しかし、「お手数をおかけしましたこと」は完全に過去形として文章が成り立っているので、過去の迷惑や苦労に対しての相手への謝罪の時に使える表現でしょう。次から実際に、「お手数をおかけしました」と「お手数をおかけしましたこと」を比較しながら例文を紹介します。
「お手数をおかけしました」と「お手数をおかけしましたこと」を比較した例文
「お手数をおかけしました」の例文
・お手数をかけしまして、申し訳ございませんでした。深くお詫び申し上げます。
・大変なご迷惑とお手数をおかけしまして、申し訳ございません。心よりお詫び申し上げます。
「お手数をおかけしましたこと」の例文
・お手数をおかけしまたこと、深くお詫び申し上げます。
・大変なご迷惑とお手数をおかけしましたこと、心よりお詫び申し上げます。
相手への迷惑や苦労に対しての労いと謝罪を同じニュアンスで伝える事ができるのと同時に、「お手数をおかけしましたこと」と括る事で文章が簡略化されます。メール文があまりにも長くなってしまう場合には、「お手数をおかけしましたこと」を使って文章を構成すると良いでしょう。
「お忙しい中お手数をおかけする」という表現
上記で、紹介したように「お手数をおかけする」旨の文章は過去でも未来でも、語尾の文章によって時系列を変える事ができます。「お忙しい中」という文章も過去にも未来にも使えるので、どういった時系列でも成り立つ文章ができると言えます。
文章の内容に応じて使い分けてみましょう。次から、実際に使える「忙しい中お手数をかける」という表現の例文を過去形と未来形に分けて紹介します。
「お忙しい中お手数をかける」旨の例文
「お忙しい中お手数をかける」の過去形表現の例文
・お忙しい中、お手数をおかけいたしました。
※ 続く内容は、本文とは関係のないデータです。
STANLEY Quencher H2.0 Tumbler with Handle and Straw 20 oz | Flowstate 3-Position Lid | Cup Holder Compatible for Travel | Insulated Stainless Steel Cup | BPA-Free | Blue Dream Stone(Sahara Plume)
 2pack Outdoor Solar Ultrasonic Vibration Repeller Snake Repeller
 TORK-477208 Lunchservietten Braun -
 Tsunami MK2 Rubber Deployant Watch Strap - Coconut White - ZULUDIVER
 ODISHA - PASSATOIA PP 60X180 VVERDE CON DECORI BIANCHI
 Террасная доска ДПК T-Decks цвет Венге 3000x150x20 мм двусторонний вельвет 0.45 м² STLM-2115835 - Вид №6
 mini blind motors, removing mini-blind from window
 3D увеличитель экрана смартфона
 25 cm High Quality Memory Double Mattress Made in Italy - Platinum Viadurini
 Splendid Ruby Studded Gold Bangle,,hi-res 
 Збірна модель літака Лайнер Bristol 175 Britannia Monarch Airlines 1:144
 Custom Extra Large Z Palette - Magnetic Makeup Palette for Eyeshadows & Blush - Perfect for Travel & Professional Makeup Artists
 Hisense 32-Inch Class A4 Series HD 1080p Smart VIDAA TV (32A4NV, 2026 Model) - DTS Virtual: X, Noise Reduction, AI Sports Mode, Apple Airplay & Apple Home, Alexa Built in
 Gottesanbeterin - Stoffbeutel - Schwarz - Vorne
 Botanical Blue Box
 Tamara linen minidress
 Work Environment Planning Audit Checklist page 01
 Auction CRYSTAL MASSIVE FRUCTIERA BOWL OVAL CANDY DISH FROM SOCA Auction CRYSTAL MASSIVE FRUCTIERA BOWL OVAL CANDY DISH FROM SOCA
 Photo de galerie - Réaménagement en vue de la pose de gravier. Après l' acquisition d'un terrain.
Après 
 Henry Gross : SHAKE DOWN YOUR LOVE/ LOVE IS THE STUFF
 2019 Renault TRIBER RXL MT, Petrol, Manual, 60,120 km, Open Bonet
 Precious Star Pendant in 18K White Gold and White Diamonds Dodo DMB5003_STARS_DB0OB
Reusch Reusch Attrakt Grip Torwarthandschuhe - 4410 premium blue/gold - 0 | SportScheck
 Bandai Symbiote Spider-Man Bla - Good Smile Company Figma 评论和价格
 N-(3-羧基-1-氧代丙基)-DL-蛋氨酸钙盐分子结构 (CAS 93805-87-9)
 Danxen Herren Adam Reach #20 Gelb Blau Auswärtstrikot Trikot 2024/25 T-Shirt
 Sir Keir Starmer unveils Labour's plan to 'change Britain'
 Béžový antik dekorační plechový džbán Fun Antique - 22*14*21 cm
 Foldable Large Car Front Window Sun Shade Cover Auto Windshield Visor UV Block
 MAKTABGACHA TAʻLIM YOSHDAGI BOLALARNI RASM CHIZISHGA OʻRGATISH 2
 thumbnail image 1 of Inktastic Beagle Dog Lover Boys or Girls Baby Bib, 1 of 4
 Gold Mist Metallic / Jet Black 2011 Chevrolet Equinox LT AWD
心より御礼申し上げます。
・無事、解決いたしました。ありがとうございます。お忙しい中お手数をおかけしました。
「お忙しい中お手数をかける」の未来形表現の例文
・お忙しい中お手数をおかけしますが、よろしくお願いいたします。
・お忙しい中お手数をおかけしますが、ご確認くださいますようお願い申し上げます。
「お手数をおかけしました」に対する返答や返信方法とは?
少なからず、相手のために時間を割いて尽力したとはいえ、ほとんどの方は「お手数をおかけしました」と言ってきた相手に対して、今後とも良好な関係を築きたいと考えているでしょう。
相手もこちらに対して最大限の配慮の言葉を用いて謝罪や感謝の言葉を述べていると言えますので、安心させてあげるような温かい一言を添えるといいでしょう。社会人として、お互いに相手を配慮する表現を見せ合う事で、円滑な社会生活に繋がるとも言えます。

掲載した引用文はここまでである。